■ Assigned task
Only the lines in the entries below from the line with "Next, you will" to the line with "We can also", both included, belong in the answer, transcribed exactly and without pictures.

■ Data for analysis
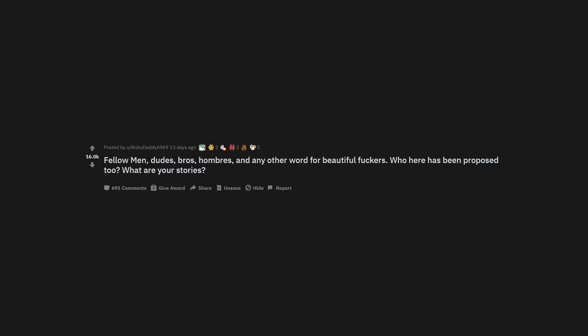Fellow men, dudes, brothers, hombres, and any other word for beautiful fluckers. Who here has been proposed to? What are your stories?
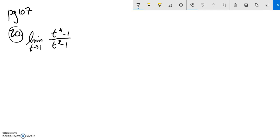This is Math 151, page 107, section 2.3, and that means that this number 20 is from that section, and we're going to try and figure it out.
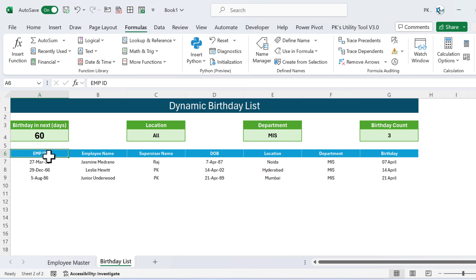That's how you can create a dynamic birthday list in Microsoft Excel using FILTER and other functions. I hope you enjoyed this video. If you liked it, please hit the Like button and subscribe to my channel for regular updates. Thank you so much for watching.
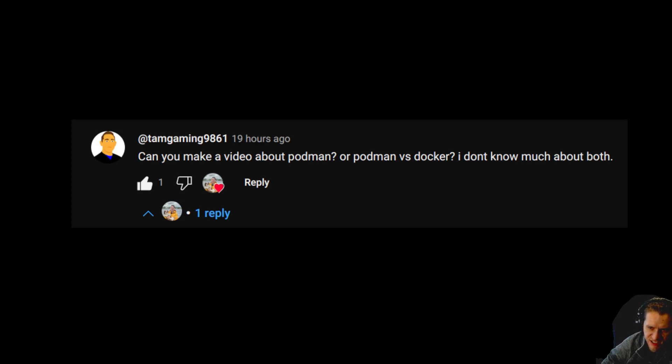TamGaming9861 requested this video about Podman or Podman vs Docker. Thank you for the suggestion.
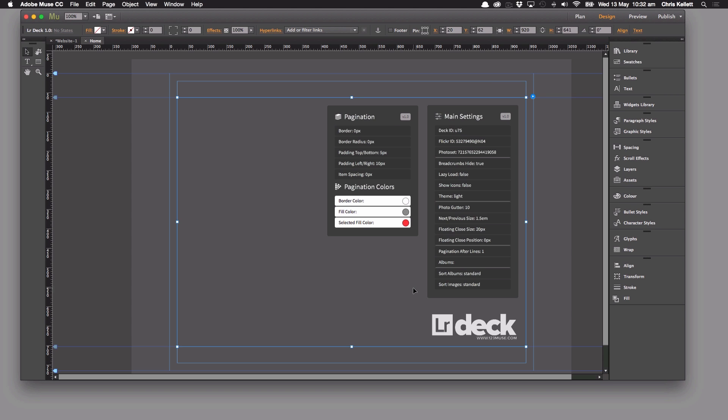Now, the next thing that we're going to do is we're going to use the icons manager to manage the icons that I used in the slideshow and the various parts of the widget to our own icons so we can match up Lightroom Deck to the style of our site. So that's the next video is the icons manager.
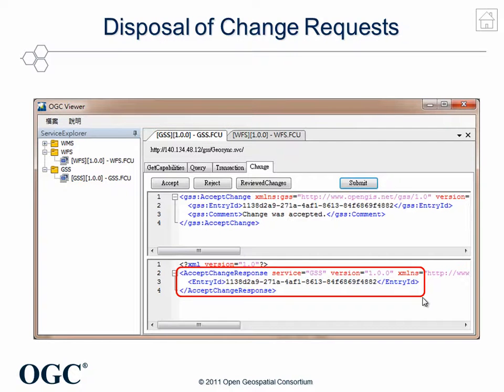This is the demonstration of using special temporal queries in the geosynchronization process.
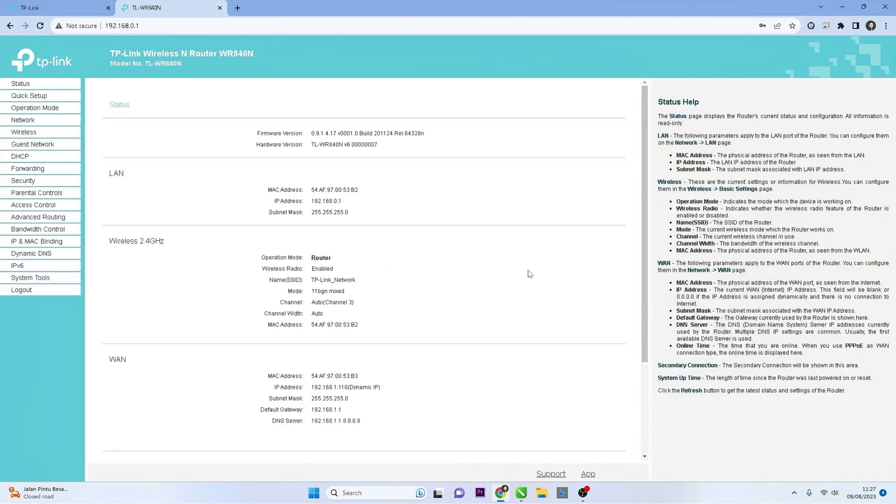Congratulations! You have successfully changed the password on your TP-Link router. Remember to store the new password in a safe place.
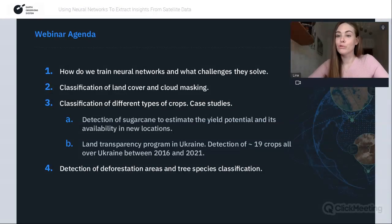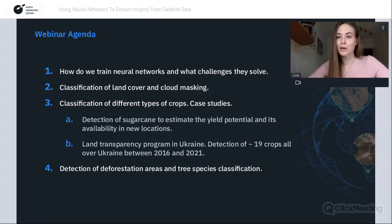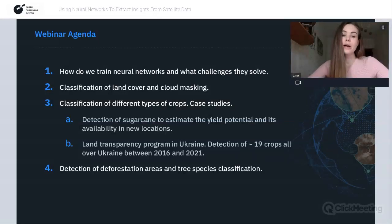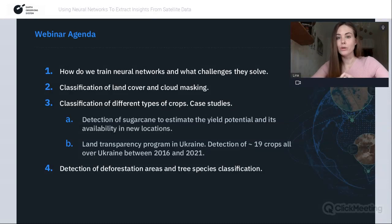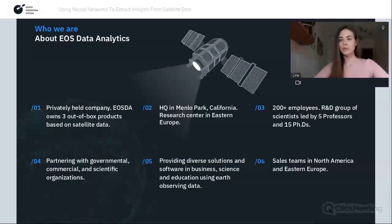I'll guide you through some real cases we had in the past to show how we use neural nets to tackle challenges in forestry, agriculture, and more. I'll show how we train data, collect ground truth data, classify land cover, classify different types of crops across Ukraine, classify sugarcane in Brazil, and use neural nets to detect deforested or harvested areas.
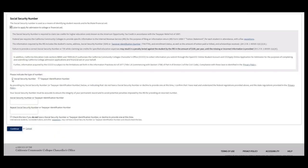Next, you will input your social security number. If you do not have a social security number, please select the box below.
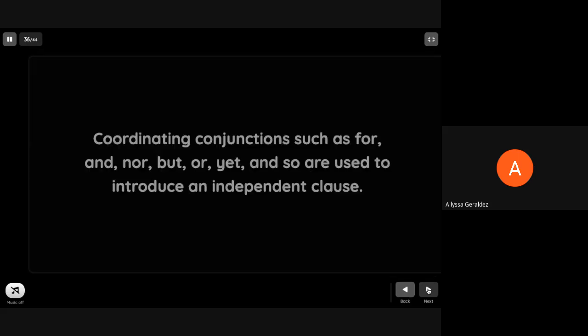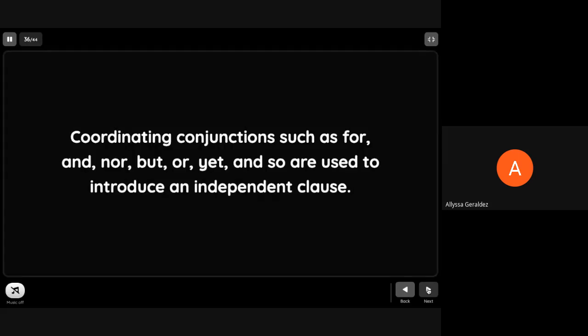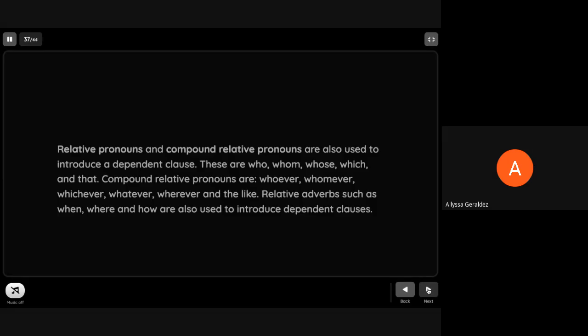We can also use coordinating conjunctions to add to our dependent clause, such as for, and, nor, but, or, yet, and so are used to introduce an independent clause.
---
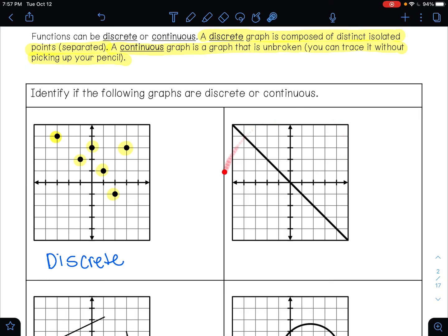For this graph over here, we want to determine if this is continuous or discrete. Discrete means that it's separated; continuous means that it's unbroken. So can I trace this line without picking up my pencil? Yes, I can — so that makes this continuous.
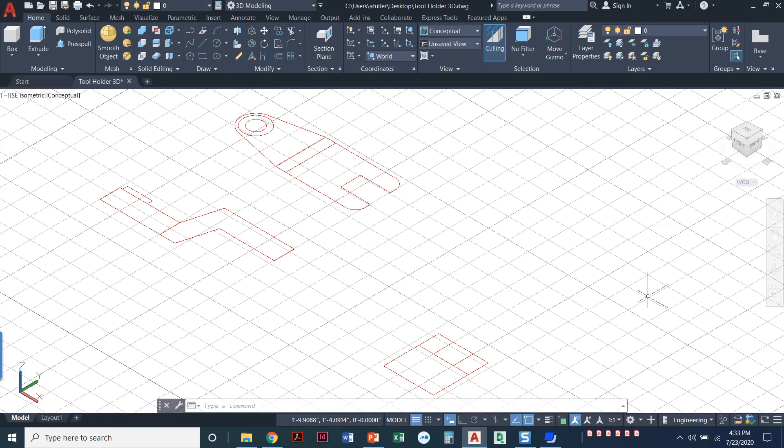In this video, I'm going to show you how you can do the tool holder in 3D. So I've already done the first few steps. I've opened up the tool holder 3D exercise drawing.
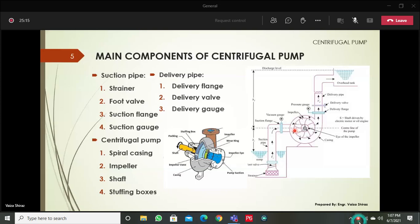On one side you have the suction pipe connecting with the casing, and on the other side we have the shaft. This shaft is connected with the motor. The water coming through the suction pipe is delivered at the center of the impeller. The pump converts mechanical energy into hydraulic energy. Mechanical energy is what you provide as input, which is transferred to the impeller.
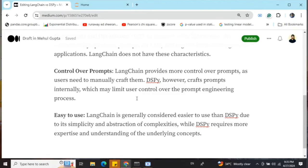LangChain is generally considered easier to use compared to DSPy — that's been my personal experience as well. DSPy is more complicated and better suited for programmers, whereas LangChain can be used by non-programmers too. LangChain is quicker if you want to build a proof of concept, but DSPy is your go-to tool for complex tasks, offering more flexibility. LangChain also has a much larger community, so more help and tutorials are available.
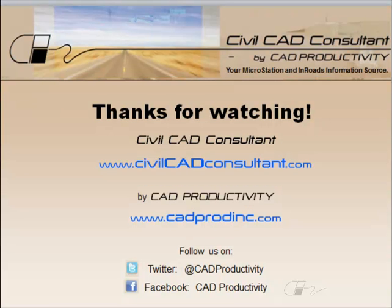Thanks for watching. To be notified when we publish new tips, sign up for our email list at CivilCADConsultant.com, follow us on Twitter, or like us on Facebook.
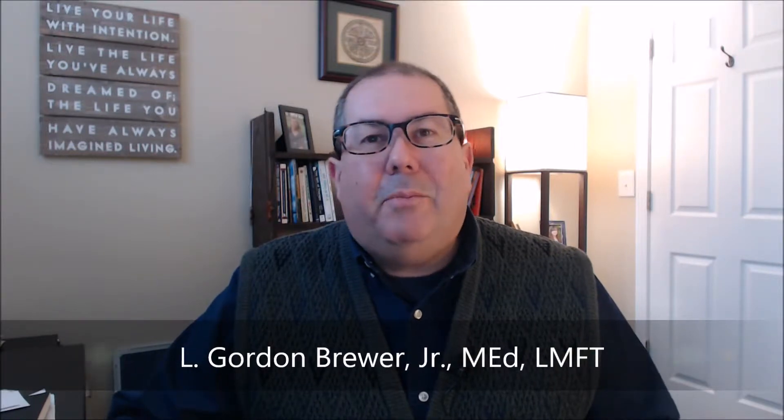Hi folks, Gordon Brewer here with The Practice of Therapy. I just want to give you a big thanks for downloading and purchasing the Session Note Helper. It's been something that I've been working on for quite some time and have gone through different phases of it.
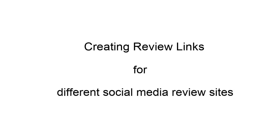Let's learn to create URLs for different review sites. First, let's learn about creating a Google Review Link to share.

■ Result of the exercise
Next, you will input your social security number. If you do not have a social security number, please select the box below.
We can also use coordinating conjunctions to add to our dependent clause, such as for, and, nor, but, or, yet, and so are used to introduce an independent clause.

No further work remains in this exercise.